___ LISTED ENTRIES

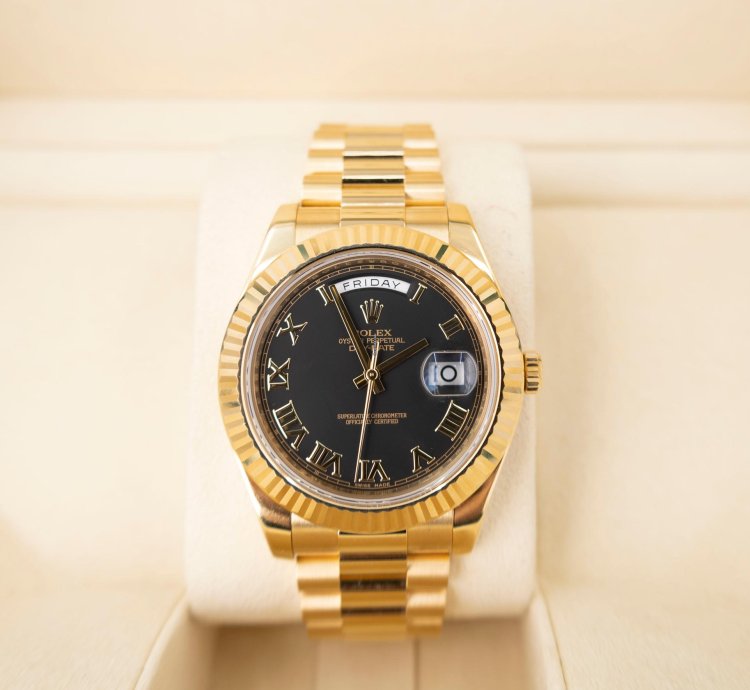 Rolex Day-date Ii 41mm Fluted Bezel Yellow Gold Black Roman Dial Presidential 218238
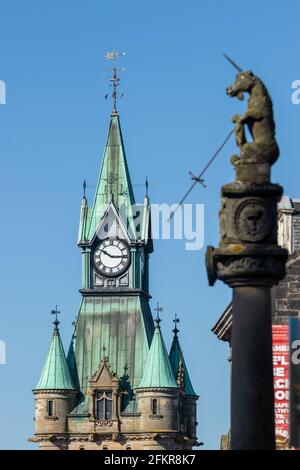 Dunfermline City Chambers mit dem Einhorn des Mercat Cross im Vordergrund. Stockfoto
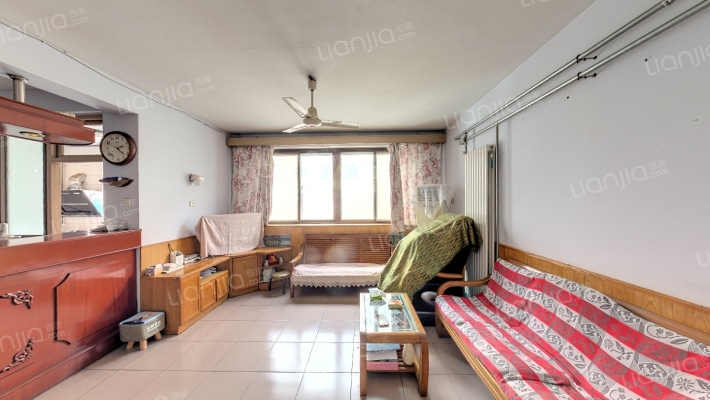 新华一厂家属院二手房实景图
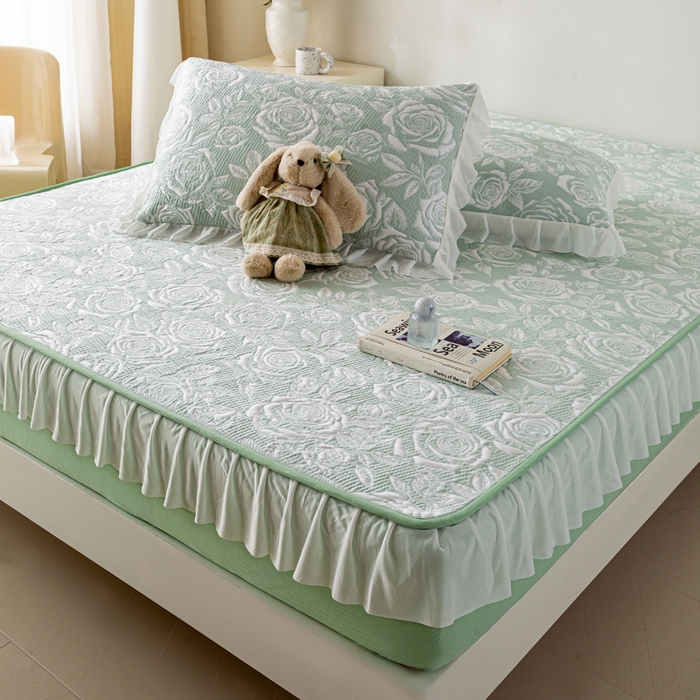 91家纺网 家纺一手货源 找家纺 伊人坊 2026新款A类550克凉感提花值过0.21冰豆豆家用凉席子三件套夏季-花边床笠款 玫瑰-绿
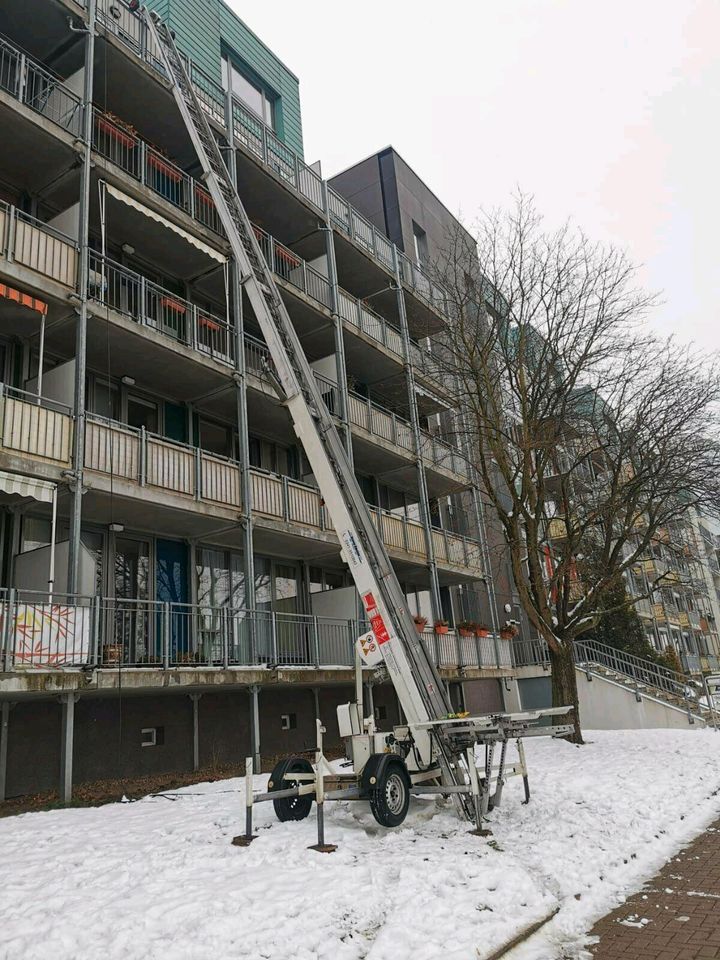 Möbellift /Außenaufzug mieten, mit Bediener in Leipzig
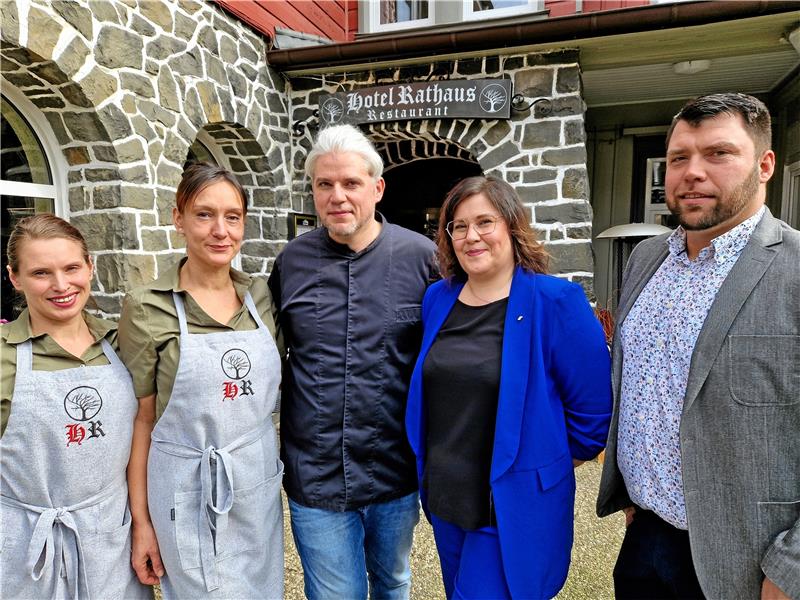 Ein Familienbetrieb: Carolin Freitag, Stephanie Sander, Sven Vondran sowie Maria und Mathias Geinitz (v.l.) stehen für das „Hotel Rathaus“ und das dazugehörige Restaurant. Foto: Knoke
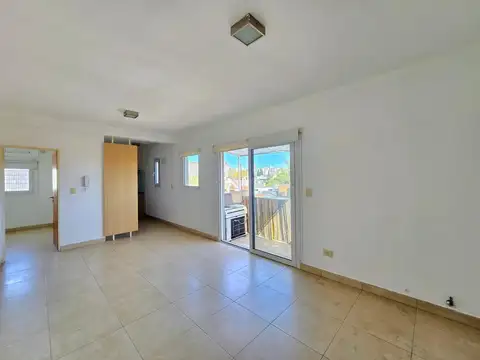 Departamento de 2 ambientes con balcon al frente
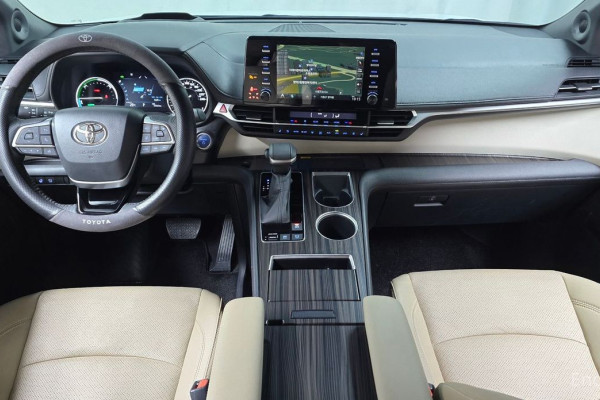 2023 Toyota Sienna с пробегом 12 363 км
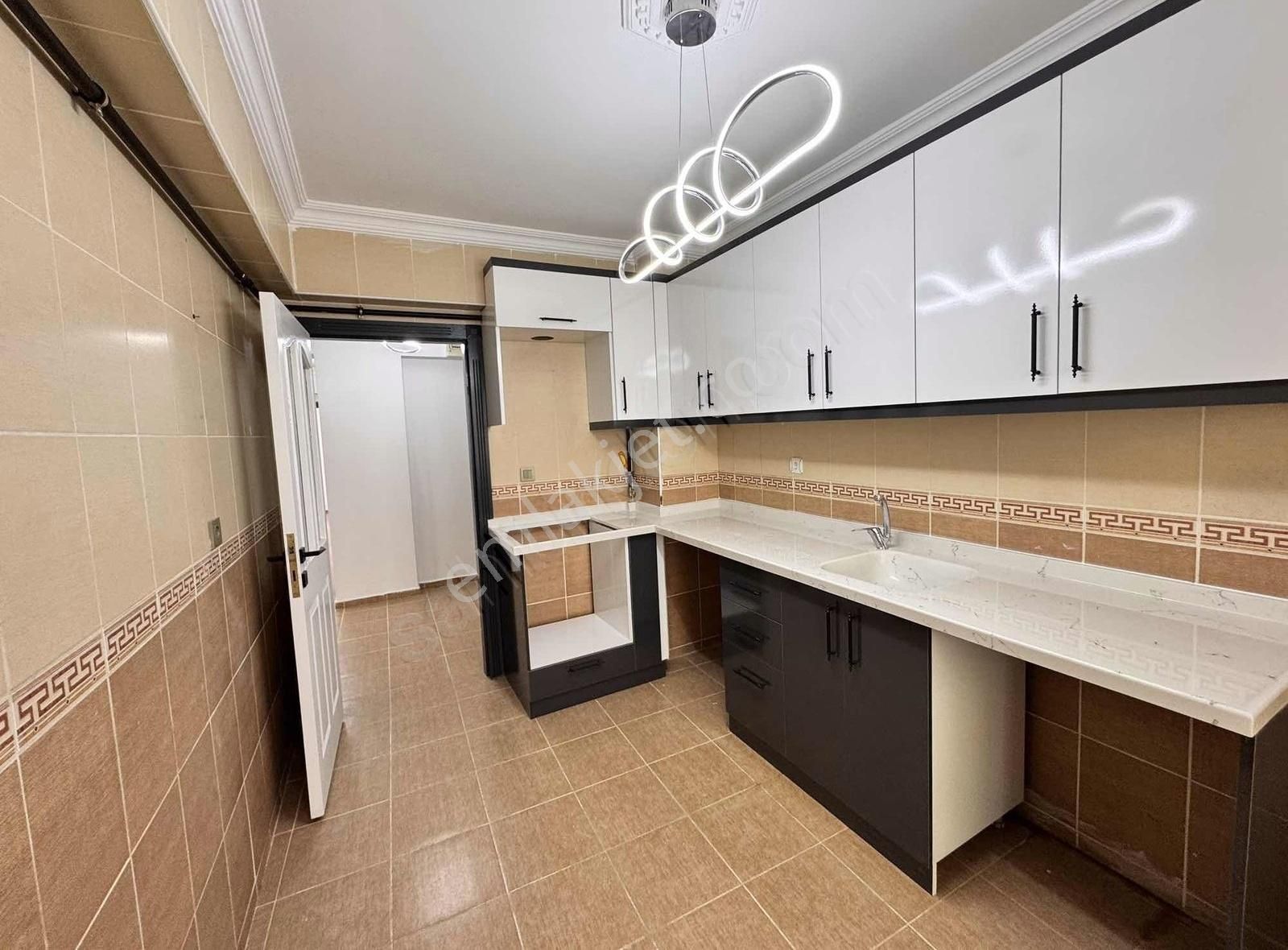 Derman'dan*diş Hastanesi Ark*3+1*y.giriş*105m2*karapürçek Mah
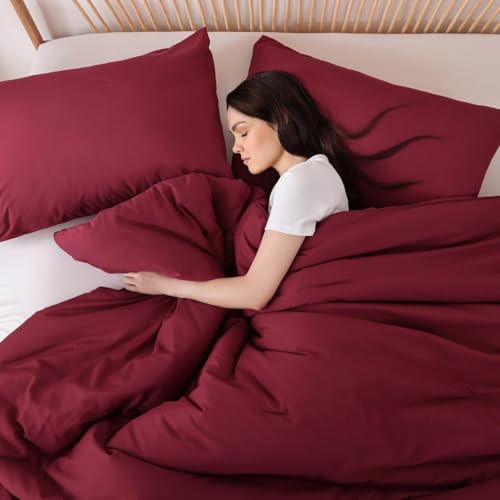 Image of ROSGONIA Oversized Queen Comforter Dark Red, 3pcs (1 Comforter & 2 Pillowcases) Lightweight Oversized Queen Comforter Sets Bedding Blanket Quilts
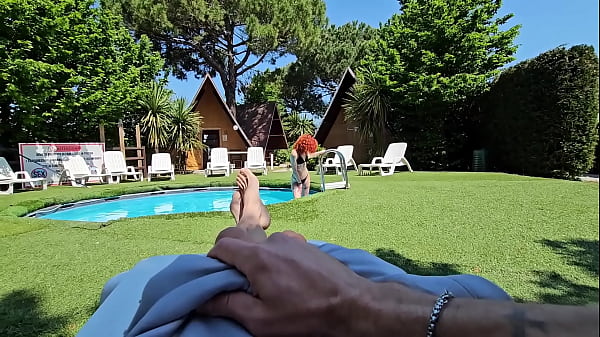 La Mia Vicina Dai Capelli Rossi Si Fa Scopare In Piscina. thumbnail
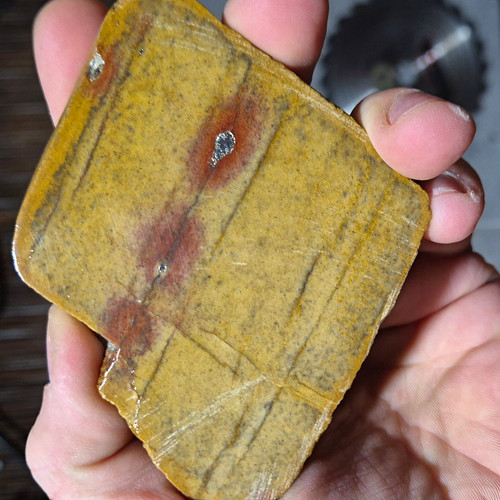 Gelber jaspis mit roten - gelber,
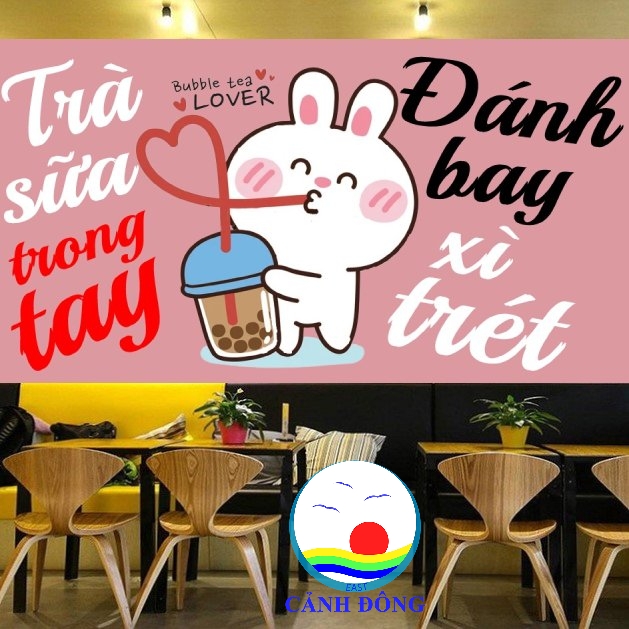 Decal trà sữa: Decal trà sữa trong năm 2024 được ưa chuộng vì tính tiện lợi và đa dạng trong thiết kế. Chúng có thể được dùng để trang trí ly trà sữa, cốc đựng đồ uống hay thậm chí là mặt bàn. Những hình ảnh về decal trà sữa sẽ giúp bạn có nhiều ý tưởng để thêm màu sắc đến không gian trà sữa của mình.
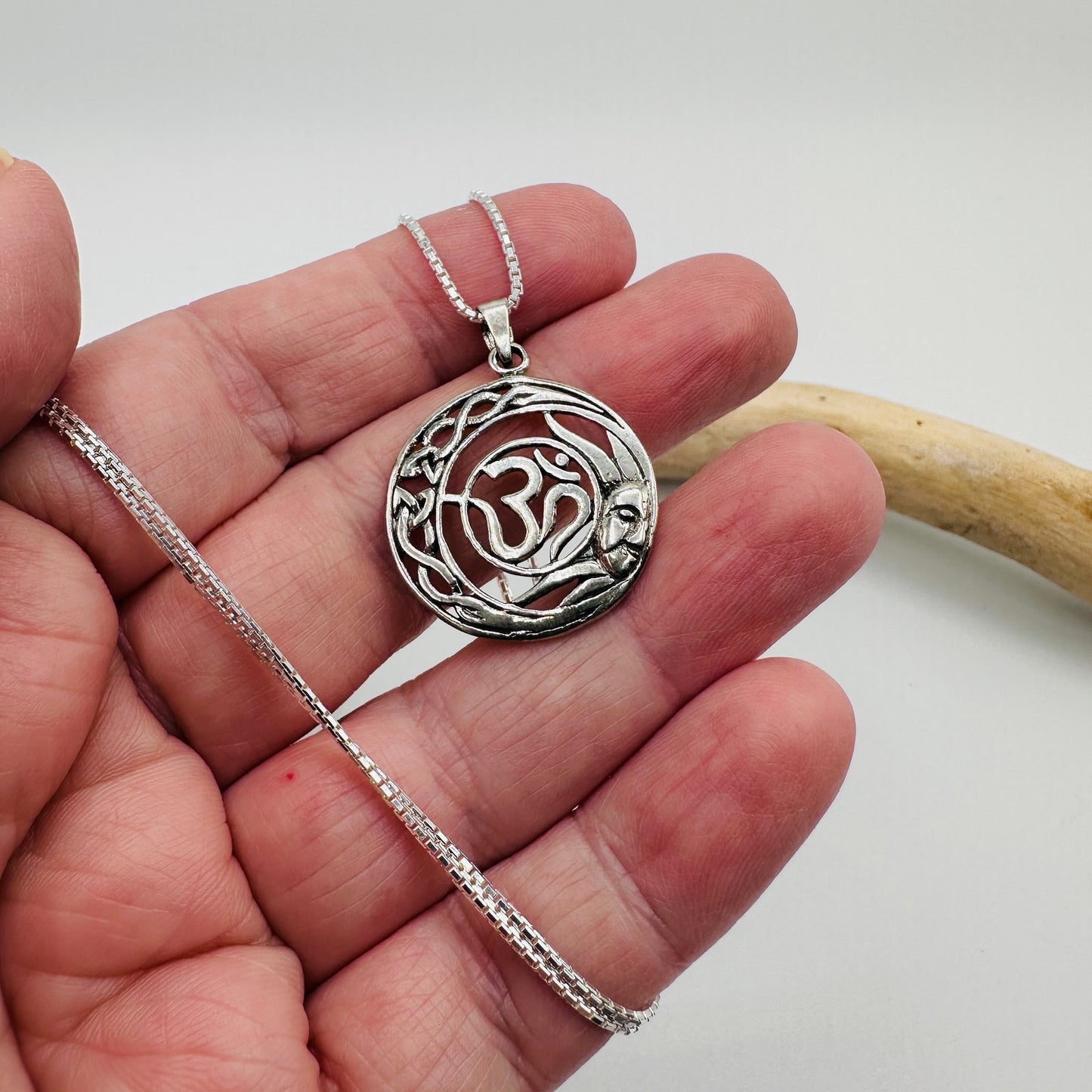 Sterling Silver Om Pendant Necklace-Celtic Circle 925 Silver Yoga Meditation Jewelry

______

EXERCISE DESCRIPTION:
Only the text of the records belongs in the answer; reproduce it verbatim, with no pictures.

REPLY:
 Rolex Day-date Ii 41mm Fluted Bezel Yellow Gold Black Roman Dial Presidential 218238
 Dunfermline City Chambers mit dem Einhorn des Mercat Cross im Vordergrund. Stockfoto
 新华一厂家属院二手房实景图
 91家纺网 家纺一手货源 找家纺 伊人坊 2026新款A类550克凉感提花值过0.21冰豆豆家用凉席子三件套夏季-花边床笠款 玫瑰-绿
 Möbellift /Außenaufzug mieten, mit Bediener in Leipzig
 Ein Familienbetrieb: Carolin Freitag, Stephanie Sander, Sven Vondran sowie Maria und Mathias Geinitz (v.l.) stehen für das „Hotel Rathaus“ und das dazugehörige Restaurant. Foto: Knoke
 Departamento de 2 ambientes con balcon al frente
 2023 Toyota Sienna с пробегом 12 363 км
 Derman'dan*diş Hastanesi Ark*3+1*y.giriş*105m2*karapürçek Mah
 Image of ROSGONIA Oversized Queen Comforter Dark Red, 3pcs (1 Comforter & 2 Pillowcases) Lightweight Oversized Queen Comforter Sets Bedding Blanket Quilts
 La Mia Vicina Dai Capelli Rossi Si Fa Scopare In Piscina. thumbnail
 Gelber jaspis mit roten - gelber,
 Decal trà sữa: Decal trà sữa trong năm 2024 được ưa chuộng vì tính tiện lợi và đa dạng trong thiết kế. Chúng có thể được dùng để trang trí ly trà sữa, cốc đựng đồ uống hay thậm chí là mặt bàn. Những hình ảnh về decal trà sữa sẽ giúp bạn có nhiều ý tưởng để thêm màu sắc đến không gian trà sữa của mình.
 Sterling Silver Om Pendant Necklace-Celtic Circle 925 Silver Yoga Meditation Jewelry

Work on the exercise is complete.